Their second contribution was the indexing system for detecting duplicate data. The researchers used ideas from their ChunkStash research project to deliver a highly efficient chunk-indexing module that makes light use of CPU, memory, and disk resources.
“Indexing is usually a big bottleneck in deduplication,” Sengupta says. “It’s a big challenge to build a scalable, high-performance index to identify the duplicate chunks without slowing down performance.”
In the third contribution, the Microsoft researchers worked with the product team to devise a data-partitioning technique that scales up as a data set grows. Partitioning data enables the deduplication process to work across a smaller set of files, reducing resource consumption.

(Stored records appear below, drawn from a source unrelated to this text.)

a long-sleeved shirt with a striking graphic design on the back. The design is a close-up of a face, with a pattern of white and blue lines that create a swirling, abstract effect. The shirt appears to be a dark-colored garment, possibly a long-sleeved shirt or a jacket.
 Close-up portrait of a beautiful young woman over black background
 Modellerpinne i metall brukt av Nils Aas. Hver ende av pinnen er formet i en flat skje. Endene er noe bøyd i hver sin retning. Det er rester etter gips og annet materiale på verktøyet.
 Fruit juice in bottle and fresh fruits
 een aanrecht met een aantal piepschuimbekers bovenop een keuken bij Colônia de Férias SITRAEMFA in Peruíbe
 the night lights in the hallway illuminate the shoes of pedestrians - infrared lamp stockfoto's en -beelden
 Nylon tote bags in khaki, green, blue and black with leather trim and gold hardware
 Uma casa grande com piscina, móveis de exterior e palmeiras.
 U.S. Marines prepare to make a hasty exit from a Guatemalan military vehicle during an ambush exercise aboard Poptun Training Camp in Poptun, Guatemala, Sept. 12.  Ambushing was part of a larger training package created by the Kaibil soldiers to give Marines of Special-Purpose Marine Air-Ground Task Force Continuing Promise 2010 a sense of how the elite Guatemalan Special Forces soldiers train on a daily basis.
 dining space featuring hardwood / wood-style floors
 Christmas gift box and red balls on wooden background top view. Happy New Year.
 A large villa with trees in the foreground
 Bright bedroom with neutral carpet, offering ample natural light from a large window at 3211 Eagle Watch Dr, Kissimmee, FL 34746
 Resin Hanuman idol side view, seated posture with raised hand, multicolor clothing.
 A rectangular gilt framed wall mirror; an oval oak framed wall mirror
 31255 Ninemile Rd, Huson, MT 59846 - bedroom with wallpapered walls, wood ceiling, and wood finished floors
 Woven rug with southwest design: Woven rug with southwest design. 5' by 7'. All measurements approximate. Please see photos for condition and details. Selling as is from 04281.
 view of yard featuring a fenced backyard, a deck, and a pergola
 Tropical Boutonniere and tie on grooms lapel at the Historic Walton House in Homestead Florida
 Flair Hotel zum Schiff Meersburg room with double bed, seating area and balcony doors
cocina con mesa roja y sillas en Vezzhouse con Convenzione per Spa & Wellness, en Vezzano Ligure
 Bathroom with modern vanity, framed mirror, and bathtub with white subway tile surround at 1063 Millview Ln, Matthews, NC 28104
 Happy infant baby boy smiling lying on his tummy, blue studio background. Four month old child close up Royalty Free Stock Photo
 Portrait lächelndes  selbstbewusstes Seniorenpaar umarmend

Through data analysis, they found that two partitioning strategies—partitioning by file type or by file-system-directory hierarchy—work well in terms of negligible to marginal loss in deduplication quality through partitioned processing. The system also includes an optional reconciliation process that can be used to deduplicate across partitions if significant additional space savings can be extracted.
Finally, the Microsoft Research team worked with the Windows Server team to write production code for the new data deduplication feature in Windows Server 8. For a time, Sengupta and Li wore two hats—working both on research on deduplication and writing code for use in Windows Server 8. They were joined by Microsoft Research colleagues Kirk Olynyk, a senior research software-design engineer, and Sanjeev Mehrotra, a principal software architect, in shipping production code to the Windows Server 8 team.
“It was a great collaboration between Microsoft Research and the product team,” Li says. “We got very good feedback from the team, and some of the challenges they posed to us helped make the product better.”
Evidence of that is in the results Windows Server 8 will yield in terms of reducing the need for server storage. In one recent demo, a virtual-hard-drive (VHD) store holding 10 terabytes of VHD files consumed only 400 gigabytes of disk space. In this instance, as much as 96 percent of the data was detected as duplicate and then eliminated, because of the presence of identical or slightly different operating-system and application-software files in the VHDs.
Windows Server 8 was shown in mid-September during Microsoft’s BUILD conference, and a preview edition is available to developers, with final release expected in 2012. Its data deduplication capability has been widely praised. A “killer feature,” wrote ITWorld. “An impressive feature that should do wonders for storage efficiency and network utilization,” added Windows IT Pro. Ars Technica added to the chorus: “Microsoft demonstrations of the technology reduced the disk footprint of a [virtual desktop infrastructure] server by some 96 percent.”
The Windows Server 8 team also is happy with the new addition to their product.
“We are very pleased with the end result of the collaboration with Microsoft Research,” Pfenning says. “It’s great to see research work coming through in a product that we expect to bring tremendous customer value.”